Human performance is critical to success of any mission. Mismatch between people and technology can directly injure people, as in acute or cumulative musculoskeletal injuries. Mismatches can also lead to performance failure, affecting safety of the individual (e.g., driver error, amusement rider error), or indeed the public at large (e.g., Walkerton). Human performance is shaped by the design of workplaces, public facilities, and consumer products in particular the match between people and the physical and information interface with technologies. Successful design of the interface between people and technology requires multidisciplinary participants and application of human factors principles at the individual interface, the group or team level, and the organizational level.

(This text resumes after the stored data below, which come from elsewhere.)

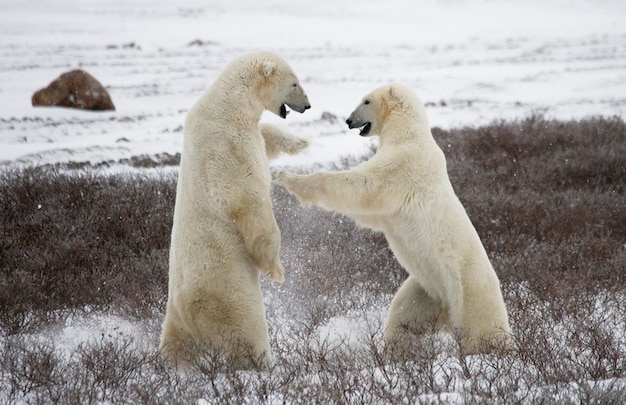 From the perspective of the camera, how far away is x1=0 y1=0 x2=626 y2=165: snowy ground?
38.9 feet

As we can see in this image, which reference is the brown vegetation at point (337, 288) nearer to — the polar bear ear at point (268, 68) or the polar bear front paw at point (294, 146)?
the polar bear front paw at point (294, 146)

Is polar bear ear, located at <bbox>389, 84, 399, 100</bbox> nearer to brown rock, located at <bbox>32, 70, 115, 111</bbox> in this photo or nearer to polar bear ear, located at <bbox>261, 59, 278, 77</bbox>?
polar bear ear, located at <bbox>261, 59, 278, 77</bbox>

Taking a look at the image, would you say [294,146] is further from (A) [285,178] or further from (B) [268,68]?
(B) [268,68]

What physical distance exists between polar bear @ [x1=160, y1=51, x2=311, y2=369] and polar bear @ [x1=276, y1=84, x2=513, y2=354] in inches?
13.5

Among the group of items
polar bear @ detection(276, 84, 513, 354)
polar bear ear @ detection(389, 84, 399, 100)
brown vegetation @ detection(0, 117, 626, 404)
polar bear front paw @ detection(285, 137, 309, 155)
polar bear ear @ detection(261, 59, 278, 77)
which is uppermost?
polar bear ear @ detection(261, 59, 278, 77)

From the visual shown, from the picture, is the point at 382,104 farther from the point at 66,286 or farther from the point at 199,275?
the point at 66,286

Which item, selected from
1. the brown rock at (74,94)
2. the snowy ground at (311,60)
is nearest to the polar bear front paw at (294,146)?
the snowy ground at (311,60)

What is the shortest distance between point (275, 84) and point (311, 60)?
60.6ft

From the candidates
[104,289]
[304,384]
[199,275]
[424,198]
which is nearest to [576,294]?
[424,198]

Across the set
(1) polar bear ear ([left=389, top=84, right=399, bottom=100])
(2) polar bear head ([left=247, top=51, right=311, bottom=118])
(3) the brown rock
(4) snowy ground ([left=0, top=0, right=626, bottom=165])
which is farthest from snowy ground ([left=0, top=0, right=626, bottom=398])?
(2) polar bear head ([left=247, top=51, right=311, bottom=118])

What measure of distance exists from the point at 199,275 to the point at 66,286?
7.07 feet

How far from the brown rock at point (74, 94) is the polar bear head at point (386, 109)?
34.4 ft

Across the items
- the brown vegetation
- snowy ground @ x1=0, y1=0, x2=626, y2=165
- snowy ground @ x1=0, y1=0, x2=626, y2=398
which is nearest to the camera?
the brown vegetation

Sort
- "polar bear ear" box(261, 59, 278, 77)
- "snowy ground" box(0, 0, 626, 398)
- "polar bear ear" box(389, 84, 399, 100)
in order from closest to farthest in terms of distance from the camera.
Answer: "polar bear ear" box(261, 59, 278, 77) → "polar bear ear" box(389, 84, 399, 100) → "snowy ground" box(0, 0, 626, 398)
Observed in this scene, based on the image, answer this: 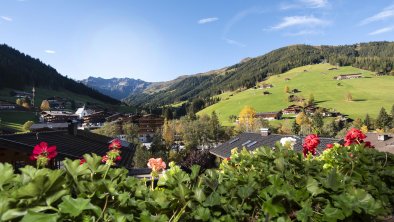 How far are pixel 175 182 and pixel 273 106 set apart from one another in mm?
136302

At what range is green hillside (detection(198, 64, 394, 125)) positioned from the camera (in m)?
117

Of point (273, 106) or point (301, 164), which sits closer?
point (301, 164)

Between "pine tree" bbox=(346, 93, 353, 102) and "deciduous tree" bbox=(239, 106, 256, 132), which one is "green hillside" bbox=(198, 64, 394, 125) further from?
"deciduous tree" bbox=(239, 106, 256, 132)

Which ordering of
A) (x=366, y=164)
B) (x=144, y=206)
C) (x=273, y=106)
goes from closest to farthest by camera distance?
(x=144, y=206), (x=366, y=164), (x=273, y=106)

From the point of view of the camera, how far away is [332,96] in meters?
136

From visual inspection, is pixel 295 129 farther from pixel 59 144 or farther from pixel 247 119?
pixel 59 144

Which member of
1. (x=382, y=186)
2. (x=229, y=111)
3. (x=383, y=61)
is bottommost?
(x=229, y=111)

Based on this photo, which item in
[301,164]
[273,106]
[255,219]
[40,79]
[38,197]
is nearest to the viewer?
[38,197]

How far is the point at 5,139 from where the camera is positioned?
1644 cm

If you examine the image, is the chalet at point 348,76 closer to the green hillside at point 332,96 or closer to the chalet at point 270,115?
the green hillside at point 332,96

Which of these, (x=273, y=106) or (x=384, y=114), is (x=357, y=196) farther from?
(x=273, y=106)

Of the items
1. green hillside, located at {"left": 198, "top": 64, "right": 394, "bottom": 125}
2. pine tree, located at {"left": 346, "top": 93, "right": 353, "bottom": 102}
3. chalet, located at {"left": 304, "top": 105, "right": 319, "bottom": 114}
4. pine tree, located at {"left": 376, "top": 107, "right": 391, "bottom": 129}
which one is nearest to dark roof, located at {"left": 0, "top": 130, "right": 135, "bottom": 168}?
pine tree, located at {"left": 376, "top": 107, "right": 391, "bottom": 129}

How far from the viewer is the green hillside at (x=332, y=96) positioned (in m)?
117

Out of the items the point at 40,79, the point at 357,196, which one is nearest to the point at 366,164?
the point at 357,196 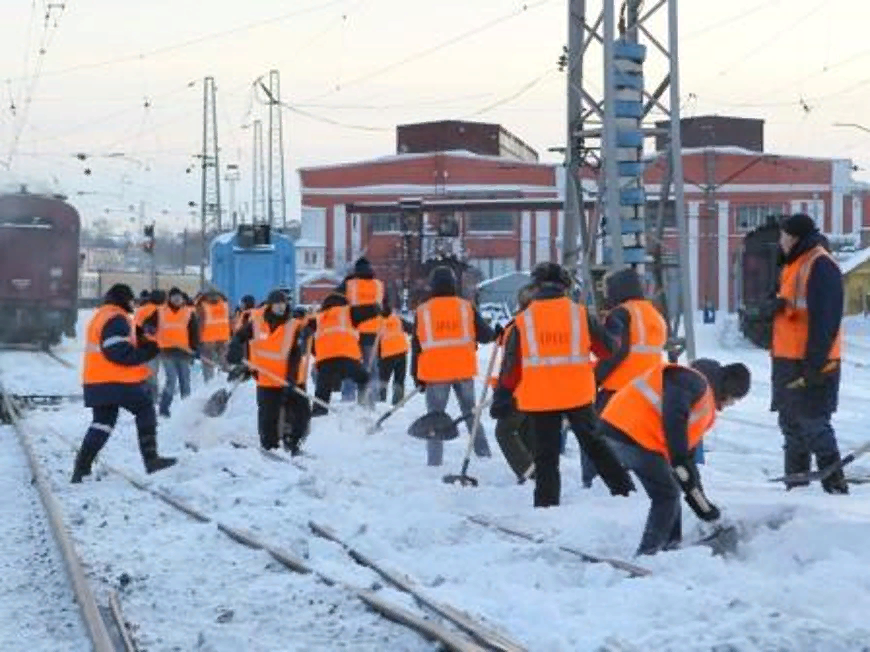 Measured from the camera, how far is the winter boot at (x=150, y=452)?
42.0 feet

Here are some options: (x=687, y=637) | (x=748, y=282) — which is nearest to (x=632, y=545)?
(x=687, y=637)

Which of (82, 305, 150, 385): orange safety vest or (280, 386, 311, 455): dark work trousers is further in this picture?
(280, 386, 311, 455): dark work trousers

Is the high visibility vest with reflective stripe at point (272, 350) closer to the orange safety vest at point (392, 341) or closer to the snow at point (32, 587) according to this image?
the snow at point (32, 587)

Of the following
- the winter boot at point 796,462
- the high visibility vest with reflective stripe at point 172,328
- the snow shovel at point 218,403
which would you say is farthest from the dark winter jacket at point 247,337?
the winter boot at point 796,462

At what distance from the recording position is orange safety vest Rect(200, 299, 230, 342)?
22.6 meters

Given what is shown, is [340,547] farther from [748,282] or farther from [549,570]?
[748,282]

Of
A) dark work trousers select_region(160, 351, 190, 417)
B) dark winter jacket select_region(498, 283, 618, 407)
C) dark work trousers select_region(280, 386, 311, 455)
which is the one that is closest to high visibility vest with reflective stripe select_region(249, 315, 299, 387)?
dark work trousers select_region(280, 386, 311, 455)

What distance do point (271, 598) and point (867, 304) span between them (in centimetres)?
5584

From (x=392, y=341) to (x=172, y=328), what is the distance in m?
3.32

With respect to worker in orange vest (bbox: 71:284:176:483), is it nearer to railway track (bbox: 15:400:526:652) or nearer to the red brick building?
railway track (bbox: 15:400:526:652)

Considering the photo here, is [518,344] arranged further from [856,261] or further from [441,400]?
[856,261]

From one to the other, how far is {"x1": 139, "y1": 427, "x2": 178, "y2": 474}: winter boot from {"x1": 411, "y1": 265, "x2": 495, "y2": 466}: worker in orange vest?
7.70ft

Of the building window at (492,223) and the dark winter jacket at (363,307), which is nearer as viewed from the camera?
the dark winter jacket at (363,307)

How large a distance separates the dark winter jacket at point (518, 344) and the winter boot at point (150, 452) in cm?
418
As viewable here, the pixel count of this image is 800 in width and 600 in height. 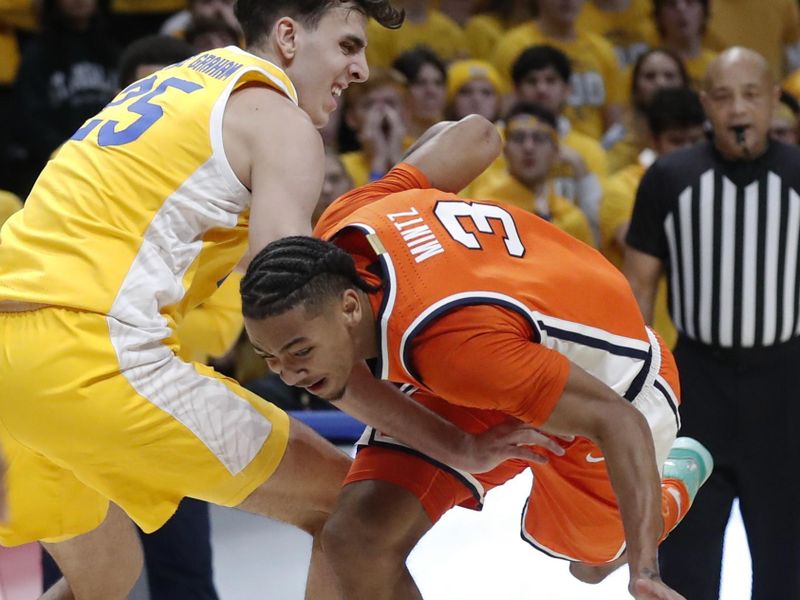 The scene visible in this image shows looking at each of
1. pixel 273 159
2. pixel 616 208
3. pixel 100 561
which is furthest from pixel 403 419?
pixel 616 208

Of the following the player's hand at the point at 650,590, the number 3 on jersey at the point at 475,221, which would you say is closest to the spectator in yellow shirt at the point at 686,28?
the number 3 on jersey at the point at 475,221

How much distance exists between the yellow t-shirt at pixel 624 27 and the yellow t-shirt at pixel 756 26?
14.3 inches

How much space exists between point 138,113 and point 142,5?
4.70 meters

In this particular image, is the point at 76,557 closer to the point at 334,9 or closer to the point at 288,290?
the point at 288,290

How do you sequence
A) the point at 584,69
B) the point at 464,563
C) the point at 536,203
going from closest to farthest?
1. the point at 464,563
2. the point at 536,203
3. the point at 584,69

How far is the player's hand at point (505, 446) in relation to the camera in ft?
9.78

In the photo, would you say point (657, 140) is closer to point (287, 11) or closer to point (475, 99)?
point (475, 99)

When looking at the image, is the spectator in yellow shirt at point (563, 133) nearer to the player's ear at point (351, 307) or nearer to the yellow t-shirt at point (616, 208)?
the yellow t-shirt at point (616, 208)

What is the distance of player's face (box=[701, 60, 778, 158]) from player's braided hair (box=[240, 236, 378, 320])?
62.6 inches

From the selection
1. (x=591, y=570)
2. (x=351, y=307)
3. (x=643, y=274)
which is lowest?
(x=591, y=570)

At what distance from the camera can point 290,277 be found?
263 cm

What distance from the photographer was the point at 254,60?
2908 mm

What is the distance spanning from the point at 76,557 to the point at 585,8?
5.19 meters

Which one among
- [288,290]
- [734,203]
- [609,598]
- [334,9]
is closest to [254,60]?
[334,9] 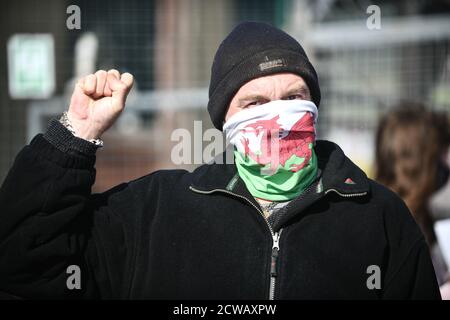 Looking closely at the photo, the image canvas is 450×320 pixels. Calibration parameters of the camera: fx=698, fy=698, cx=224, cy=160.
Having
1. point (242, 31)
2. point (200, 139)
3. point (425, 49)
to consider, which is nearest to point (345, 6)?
point (425, 49)

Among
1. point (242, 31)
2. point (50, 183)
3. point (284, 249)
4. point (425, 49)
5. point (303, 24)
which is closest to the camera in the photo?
point (50, 183)

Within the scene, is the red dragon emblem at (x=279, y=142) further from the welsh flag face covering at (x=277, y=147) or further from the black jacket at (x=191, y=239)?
the black jacket at (x=191, y=239)

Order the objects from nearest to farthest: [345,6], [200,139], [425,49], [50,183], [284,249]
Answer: [50,183] < [284,249] < [200,139] < [425,49] < [345,6]

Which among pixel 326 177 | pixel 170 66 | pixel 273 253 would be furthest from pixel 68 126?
pixel 170 66

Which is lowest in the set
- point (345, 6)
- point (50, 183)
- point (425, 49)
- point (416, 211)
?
point (416, 211)

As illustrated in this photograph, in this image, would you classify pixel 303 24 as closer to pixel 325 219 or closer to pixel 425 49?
pixel 425 49

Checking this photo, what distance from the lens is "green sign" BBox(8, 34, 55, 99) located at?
5.64 m

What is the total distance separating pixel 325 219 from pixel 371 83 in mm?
4407

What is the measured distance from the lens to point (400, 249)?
2.41m

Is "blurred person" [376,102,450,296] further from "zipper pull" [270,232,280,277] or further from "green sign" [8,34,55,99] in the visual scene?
"green sign" [8,34,55,99]

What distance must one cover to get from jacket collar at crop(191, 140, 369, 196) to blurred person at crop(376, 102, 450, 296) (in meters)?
1.65

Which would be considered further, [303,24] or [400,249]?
[303,24]

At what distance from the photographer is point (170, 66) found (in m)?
6.64

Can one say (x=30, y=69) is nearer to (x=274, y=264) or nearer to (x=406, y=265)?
(x=274, y=264)
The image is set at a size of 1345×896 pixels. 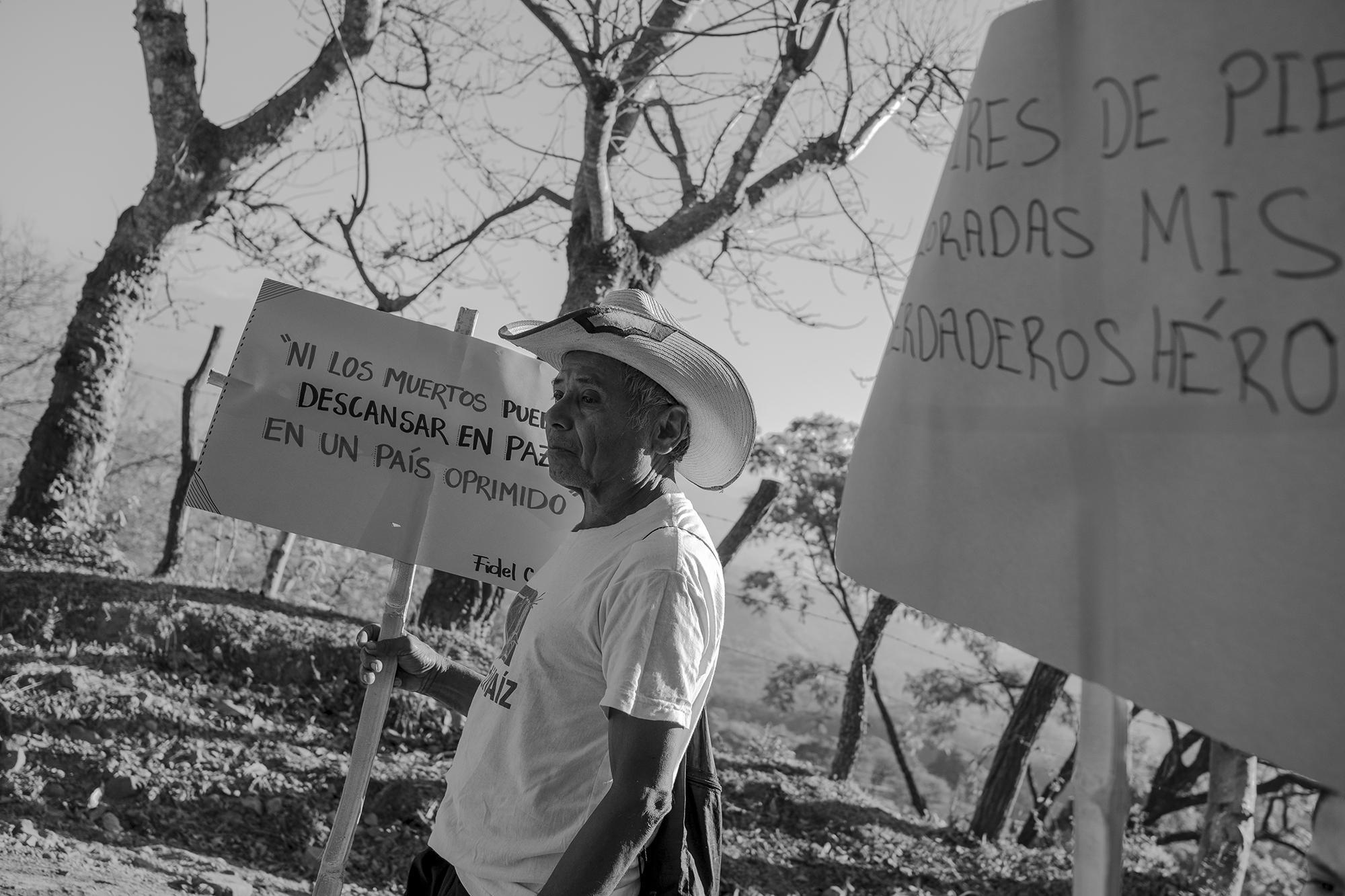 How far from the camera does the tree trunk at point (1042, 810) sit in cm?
907

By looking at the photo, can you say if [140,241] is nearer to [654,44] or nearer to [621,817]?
[654,44]

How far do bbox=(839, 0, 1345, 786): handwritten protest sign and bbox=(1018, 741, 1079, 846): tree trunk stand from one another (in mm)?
7519

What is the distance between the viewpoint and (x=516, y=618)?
6.51ft

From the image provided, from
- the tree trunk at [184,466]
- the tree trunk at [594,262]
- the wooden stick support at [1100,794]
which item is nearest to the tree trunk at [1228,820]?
the tree trunk at [594,262]

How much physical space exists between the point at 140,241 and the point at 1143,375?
8.66m

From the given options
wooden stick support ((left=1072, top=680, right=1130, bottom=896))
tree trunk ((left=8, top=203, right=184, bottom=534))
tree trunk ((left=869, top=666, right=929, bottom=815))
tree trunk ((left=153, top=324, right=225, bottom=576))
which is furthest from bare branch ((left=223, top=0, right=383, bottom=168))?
wooden stick support ((left=1072, top=680, right=1130, bottom=896))

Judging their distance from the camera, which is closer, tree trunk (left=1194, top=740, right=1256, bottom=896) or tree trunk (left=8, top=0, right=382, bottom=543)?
tree trunk (left=1194, top=740, right=1256, bottom=896)

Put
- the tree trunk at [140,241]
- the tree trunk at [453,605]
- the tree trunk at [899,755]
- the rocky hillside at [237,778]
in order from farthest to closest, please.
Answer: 1. the tree trunk at [899,755]
2. the tree trunk at [140,241]
3. the tree trunk at [453,605]
4. the rocky hillside at [237,778]

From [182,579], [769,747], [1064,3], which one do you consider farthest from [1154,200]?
[769,747]

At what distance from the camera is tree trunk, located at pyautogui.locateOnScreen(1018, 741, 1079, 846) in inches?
357

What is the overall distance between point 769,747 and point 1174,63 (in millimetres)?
9347

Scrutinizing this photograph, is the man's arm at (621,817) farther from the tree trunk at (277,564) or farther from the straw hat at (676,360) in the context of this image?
the tree trunk at (277,564)

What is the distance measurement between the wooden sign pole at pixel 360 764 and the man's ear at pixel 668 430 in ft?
2.40

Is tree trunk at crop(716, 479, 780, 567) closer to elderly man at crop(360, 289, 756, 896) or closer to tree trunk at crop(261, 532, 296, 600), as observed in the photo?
elderly man at crop(360, 289, 756, 896) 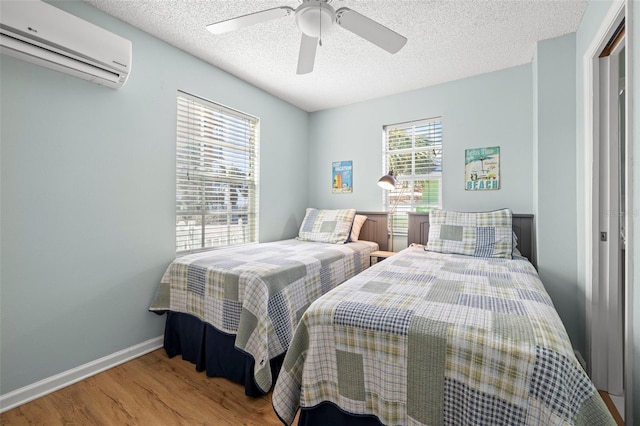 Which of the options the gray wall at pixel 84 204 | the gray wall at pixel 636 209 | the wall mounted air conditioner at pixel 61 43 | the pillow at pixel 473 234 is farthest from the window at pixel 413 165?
the wall mounted air conditioner at pixel 61 43

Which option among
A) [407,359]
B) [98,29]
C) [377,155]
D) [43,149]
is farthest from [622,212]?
[43,149]

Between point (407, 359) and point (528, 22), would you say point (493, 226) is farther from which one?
point (407, 359)

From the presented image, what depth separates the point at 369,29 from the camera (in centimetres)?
162

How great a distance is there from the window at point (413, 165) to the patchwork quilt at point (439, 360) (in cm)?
192

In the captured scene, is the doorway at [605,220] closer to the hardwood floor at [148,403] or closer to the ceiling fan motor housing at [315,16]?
the ceiling fan motor housing at [315,16]

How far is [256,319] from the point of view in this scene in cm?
177

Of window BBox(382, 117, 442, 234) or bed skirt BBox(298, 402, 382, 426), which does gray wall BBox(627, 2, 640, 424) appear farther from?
window BBox(382, 117, 442, 234)

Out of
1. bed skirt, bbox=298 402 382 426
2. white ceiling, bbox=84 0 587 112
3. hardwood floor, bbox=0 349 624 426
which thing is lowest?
hardwood floor, bbox=0 349 624 426

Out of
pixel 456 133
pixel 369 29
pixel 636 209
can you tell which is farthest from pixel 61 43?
pixel 456 133

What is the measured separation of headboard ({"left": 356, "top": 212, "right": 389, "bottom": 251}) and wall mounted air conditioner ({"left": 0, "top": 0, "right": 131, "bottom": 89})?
8.96 ft

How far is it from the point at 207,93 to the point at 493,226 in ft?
9.44

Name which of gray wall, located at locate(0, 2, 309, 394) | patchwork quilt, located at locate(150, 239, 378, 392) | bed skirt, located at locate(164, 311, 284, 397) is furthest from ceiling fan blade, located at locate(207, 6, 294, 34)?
bed skirt, located at locate(164, 311, 284, 397)

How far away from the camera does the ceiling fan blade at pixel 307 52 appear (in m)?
1.74

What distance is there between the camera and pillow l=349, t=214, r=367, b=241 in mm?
3394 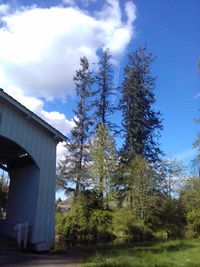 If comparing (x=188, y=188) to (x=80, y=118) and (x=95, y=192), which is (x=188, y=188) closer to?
(x=95, y=192)

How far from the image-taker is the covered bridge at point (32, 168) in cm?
1511

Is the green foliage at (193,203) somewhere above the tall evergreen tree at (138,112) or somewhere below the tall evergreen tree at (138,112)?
below

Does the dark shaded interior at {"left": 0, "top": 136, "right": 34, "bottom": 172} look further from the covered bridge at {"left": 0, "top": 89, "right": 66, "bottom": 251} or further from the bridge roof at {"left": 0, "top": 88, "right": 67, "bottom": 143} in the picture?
the bridge roof at {"left": 0, "top": 88, "right": 67, "bottom": 143}

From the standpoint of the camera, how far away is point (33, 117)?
15609mm

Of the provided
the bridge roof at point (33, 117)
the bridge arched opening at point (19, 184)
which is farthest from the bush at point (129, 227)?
the bridge roof at point (33, 117)

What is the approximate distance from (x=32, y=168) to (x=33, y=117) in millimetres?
2451

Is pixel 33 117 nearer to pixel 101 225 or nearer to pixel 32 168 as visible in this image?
pixel 32 168

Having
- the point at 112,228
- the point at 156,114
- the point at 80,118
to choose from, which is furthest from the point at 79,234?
the point at 156,114

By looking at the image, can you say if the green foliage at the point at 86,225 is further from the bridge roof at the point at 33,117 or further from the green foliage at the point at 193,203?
the bridge roof at the point at 33,117

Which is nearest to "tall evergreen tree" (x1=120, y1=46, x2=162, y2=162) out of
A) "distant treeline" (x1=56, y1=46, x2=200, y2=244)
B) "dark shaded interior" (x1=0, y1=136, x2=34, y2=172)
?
"distant treeline" (x1=56, y1=46, x2=200, y2=244)

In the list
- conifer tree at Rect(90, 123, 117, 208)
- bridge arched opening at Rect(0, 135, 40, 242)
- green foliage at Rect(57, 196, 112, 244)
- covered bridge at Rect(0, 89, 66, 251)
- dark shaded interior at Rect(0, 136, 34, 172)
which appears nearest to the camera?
covered bridge at Rect(0, 89, 66, 251)

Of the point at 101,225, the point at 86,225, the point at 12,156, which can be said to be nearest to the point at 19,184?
the point at 12,156

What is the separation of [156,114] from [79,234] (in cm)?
2056

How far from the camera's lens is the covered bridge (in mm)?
15105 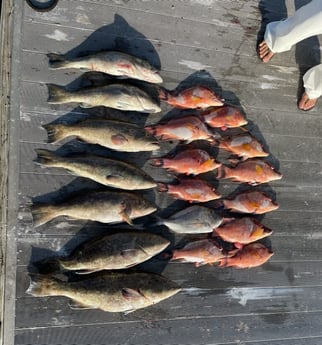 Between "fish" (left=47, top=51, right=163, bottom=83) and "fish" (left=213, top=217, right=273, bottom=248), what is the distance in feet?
4.17

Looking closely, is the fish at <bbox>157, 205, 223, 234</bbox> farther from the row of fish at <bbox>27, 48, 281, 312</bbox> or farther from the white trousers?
the white trousers

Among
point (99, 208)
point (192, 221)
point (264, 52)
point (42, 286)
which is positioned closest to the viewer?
point (42, 286)

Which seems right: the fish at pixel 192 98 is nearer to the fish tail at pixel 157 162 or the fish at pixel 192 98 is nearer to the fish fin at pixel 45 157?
the fish tail at pixel 157 162

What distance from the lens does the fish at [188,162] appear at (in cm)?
324

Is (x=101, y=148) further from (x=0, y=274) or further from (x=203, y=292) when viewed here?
(x=203, y=292)

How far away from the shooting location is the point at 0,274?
2959 millimetres

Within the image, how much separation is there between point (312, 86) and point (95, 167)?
6.28ft

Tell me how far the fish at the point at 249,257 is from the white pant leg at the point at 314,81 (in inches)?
52.5

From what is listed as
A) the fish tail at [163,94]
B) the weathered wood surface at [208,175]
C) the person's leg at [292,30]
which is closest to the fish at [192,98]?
the fish tail at [163,94]

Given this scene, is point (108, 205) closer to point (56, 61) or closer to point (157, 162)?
point (157, 162)

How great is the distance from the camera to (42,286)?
9.41 ft

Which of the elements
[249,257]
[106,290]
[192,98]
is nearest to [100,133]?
[192,98]

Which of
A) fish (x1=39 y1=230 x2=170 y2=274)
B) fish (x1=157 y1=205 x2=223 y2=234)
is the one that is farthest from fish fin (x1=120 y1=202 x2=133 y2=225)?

Human Factors/Ergonomics emerged onto the Canadian scientific scene in the 1960s after coming into its own in the Second World War, although the concept had previously been contemplated (Buck, 2001). While much of its foundation makes use of longer-established sciences, the field has developed new methods and areas of application, as well as a holistic, "systems" orientation that specifically balances performance and well-being on both physical and cognitive levels. While "Ergonomics" originated in Europe with its foundation in physiology, biomechanics and the origins of human fatigue, "Human Factors" (human engineering, engineering psychology) began in North America with its roots in interface design and human error and performance. Ergonomics initially looked at how task design could be improved to reduce or eliminate harm to the human operator or the consequences thereof, while Human Factors initially looked at how task design could be improved to reduce or eliminate failure of the mission as a result of the performance of the human operator, such as error. Over the intervening decades, each of these perspectives has incorporated more of the other, such that the two terms are now generally considered to be synonyms. Rather than two disciplines, or one unified discipline, there is now a spectrum that incorporates physical and cognitive task demands and physical and cognitive capacities and limitations. The emphasis of any individual researcher or practitioner's work will be dictated by the needs of the application, using a range of primary sources, including perceptual psychology, social psychology, anatomy and anthropometry, biomechanics, physiology, and design/engineering. A thorough human factors/ergonomics analysis of a person-task-environment system will consider the entire spectrum, but it is also common for analysis teams to be constituted of specialists in constituent areas.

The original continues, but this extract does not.